UCDNet: Multi-UAV Collaborative 3D Object Detection Network by Reliable Feature Mapping
This work addresses a domain-specific problem for applications like traffic monitoring and delivery services, representing an incremental improvement in multi-UAV collaborative perception.
The paper tackles the challenge of achieving precise and consistent feature mapping from 2D images to 3D space in multi-UAV collaborative 3D object detection by proposing UCDNet, which uses depth information as a prior and a geometric consistency loss, resulting in mAP increases of 4.7% and 10% on two datasets compared to the baseline.

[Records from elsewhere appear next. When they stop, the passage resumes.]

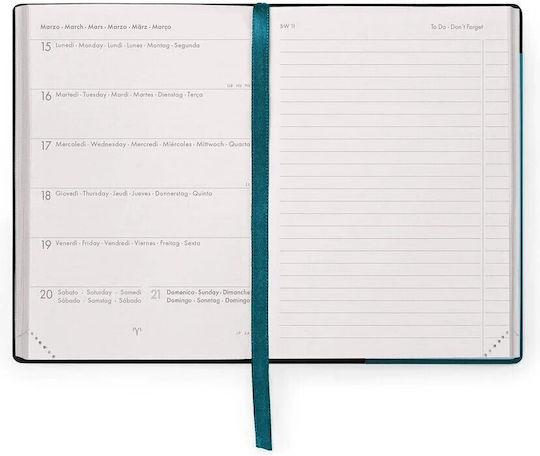 Legami Milano Weekly Agenda 2026/27 Deep Teal 9.5x13.5cm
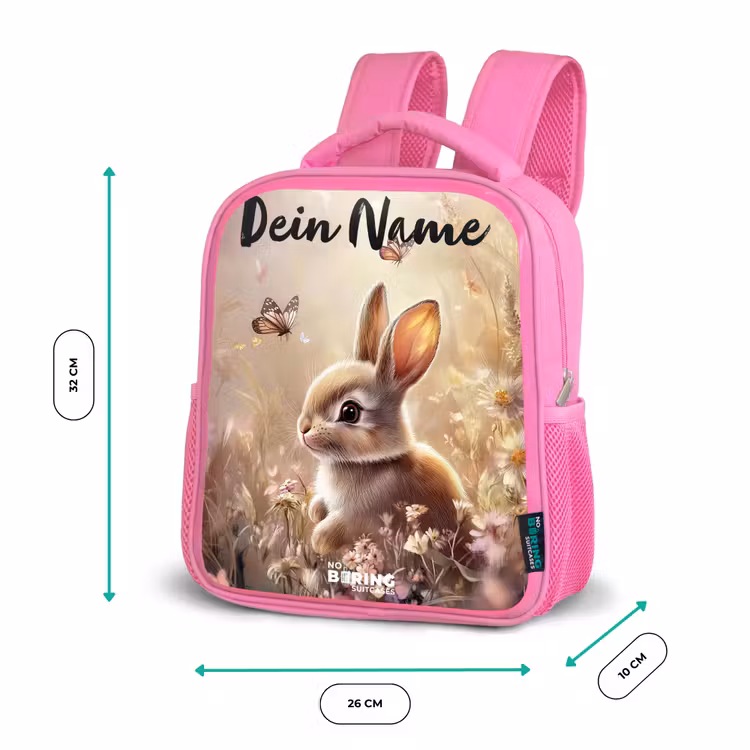 Kinderrucksack mit Namen - Rosa - Hase - Braun - Blumen - Schmetterlinge — 2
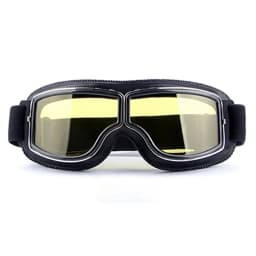 Motorcycle Glasses Windproof Motorcycle Helmet Glasses Sunglasses Retro Universal Folding Leather Retro Motorcycle Accessories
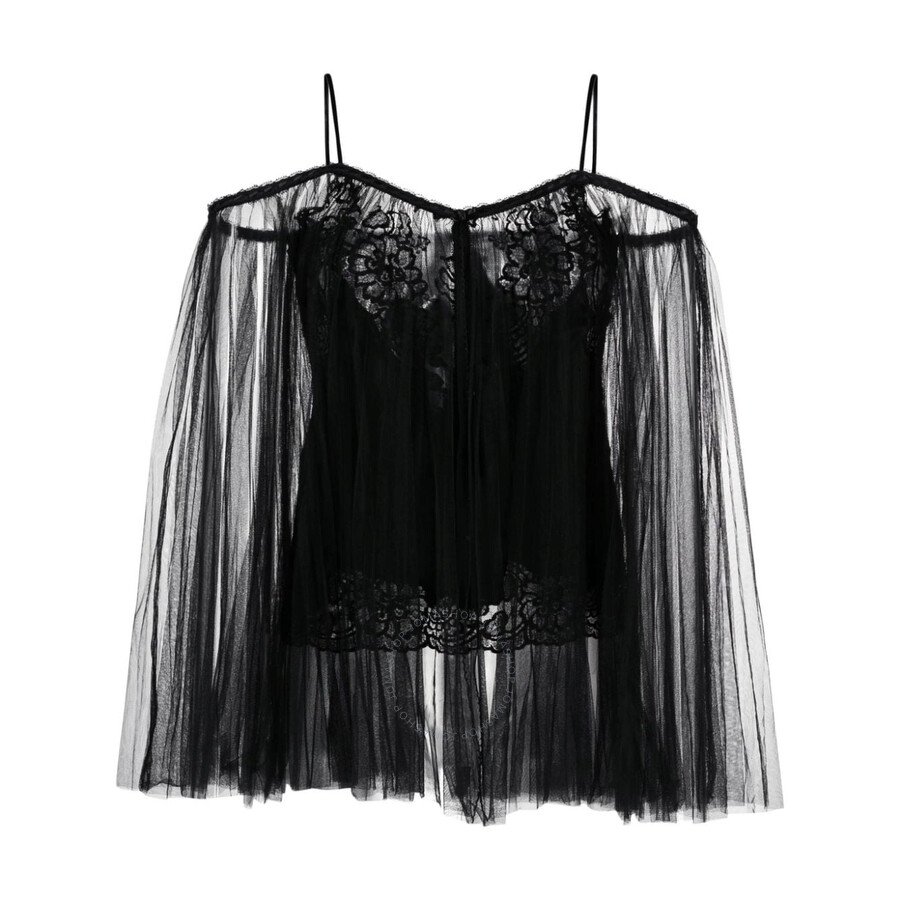 Alexander Wang Lace-embroidered Charmeuse Tunic Top In Black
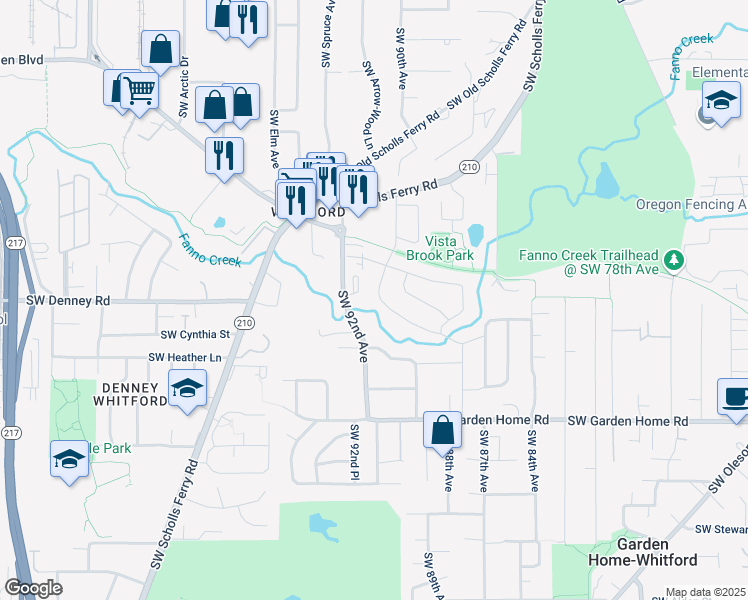 map of restaurants, bars, coffee shops, grocery stores, and more near 8934 Southwest Bohmann Parkway in Portland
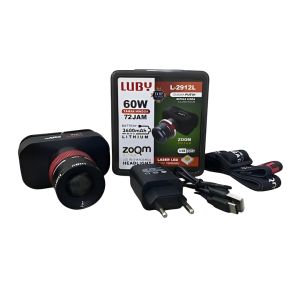 Senter Kepala BAHAN PREMIUM Super Terang 60 Watt Lensa Teleskop Zoom Putar In-Out Tahan 72 Jam Baterai 3600mAh LUBY L-2912L / L-2912K - Headlamp Led Laser Cahaya Putih / Kuning Super Terang ~FSS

Multi-UAV collaborative 3D object detection can perceive and comprehend complex environments by integrating complementary information, with applications encompassing traffic monitoring, delivery services and agricultural management. However, the extremely broad observations in aerial remote sensing and significant perspective differences across multiple UAVs make it challenging to achieve precise and consistent feature mapping from 2D images to 3D space in multi-UAV collaborative 3D object detection paradigm. To address the problem, we propose an unparalleled camera-based multi-UAV collaborative 3D object detection paradigm called UCDNet. Specifically, the depth information from the UAVs to the ground is explicitly utilized as a strong prior to provide a reference for more accurate and generalizable feature mapping. Additionally, we design a homologous points geometric consistency loss as an auxiliary self-supervision, which directly influences the feature mapping module, thereby strengthening the global consistency of multi-view perception. Experiments on AeroCollab3D and CoPerception-UAVs datasets show our method increases 4.7% and 10% mAP respectively compared to the baseline, which demonstrates the superiority of UCDNet.